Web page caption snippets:
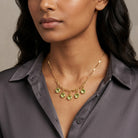 Woman in a dark blouse wearing a gold tone necklace that has dangling green Austrian channel crystals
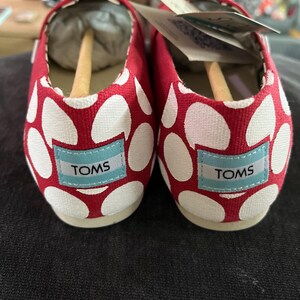 May include: A pair of red and white polka dot canvas shoes with the word "TOMS" on the side of each shoe.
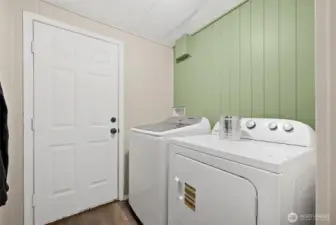 Utility room leads out to back deck/yard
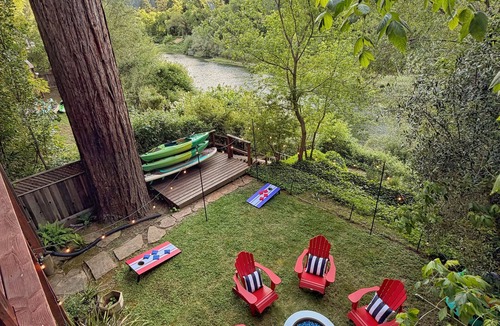 Northwood Cabin | Riverfront luxury cabin, hot tub, private dock, redwoods, ping-pong, foosball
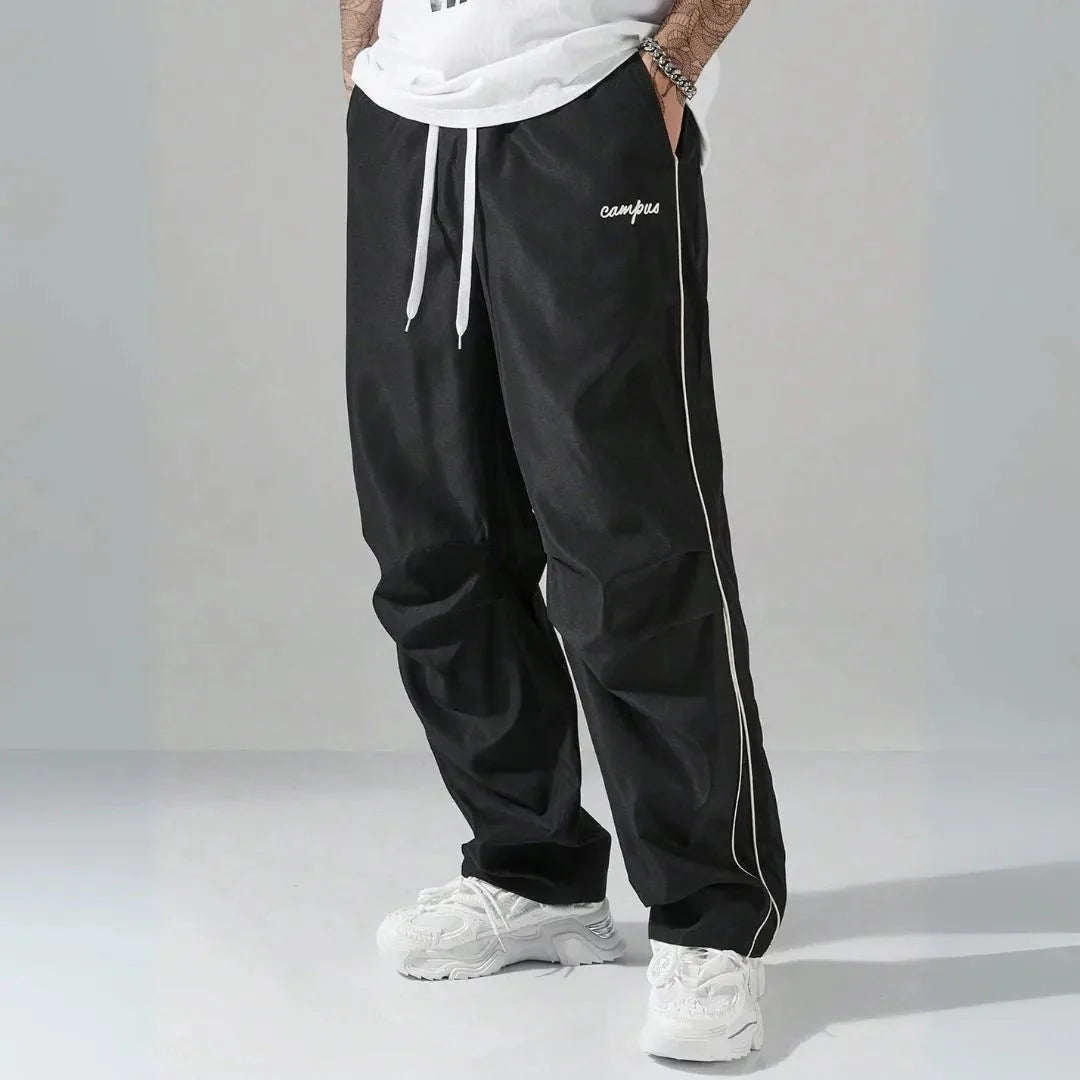 Men's relaxed fit track pants with contrast side piping, adjustable drawstring waist, campus logo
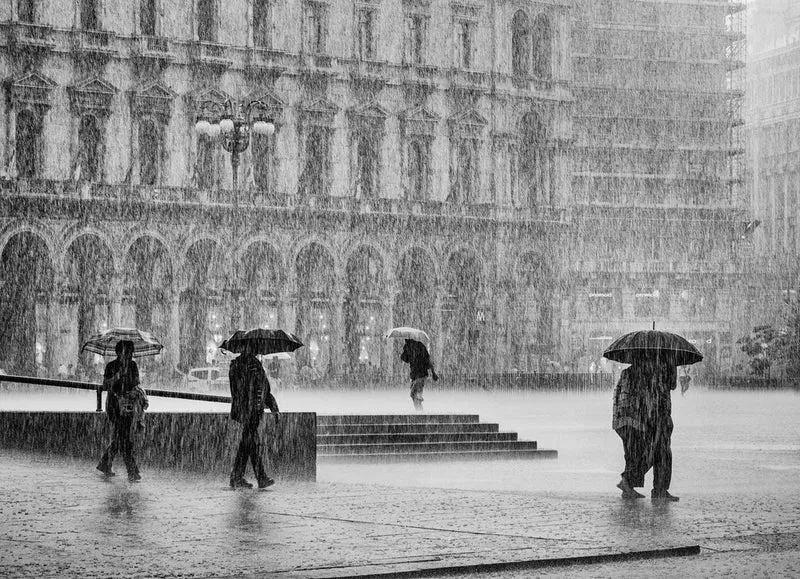 People Walking In Rain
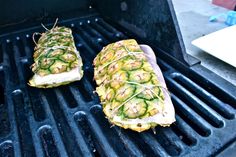 two grilled pineapples sitting on top of a grill with some kind of garnish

§ Prompt: Copy the records above exactly, omitting every picture.

§ Expected answer:
 Woman in a dark blouse wearing a gold tone necklace that has dangling green Austrian channel crystals
 May include: A pair of red and white polka dot canvas shoes with the word "TOMS" on the side of each shoe.
 Utility room leads out to back deck/yard
 Northwood Cabin | Riverfront luxury cabin, hot tub, private dock, redwoods, ping-pong, foosball
 Men's relaxed fit track pants with contrast side piping, adjustable drawstring waist, campus logo
 People Walking In Rain
 two grilled pineapples sitting on top of a grill with some kind of garnish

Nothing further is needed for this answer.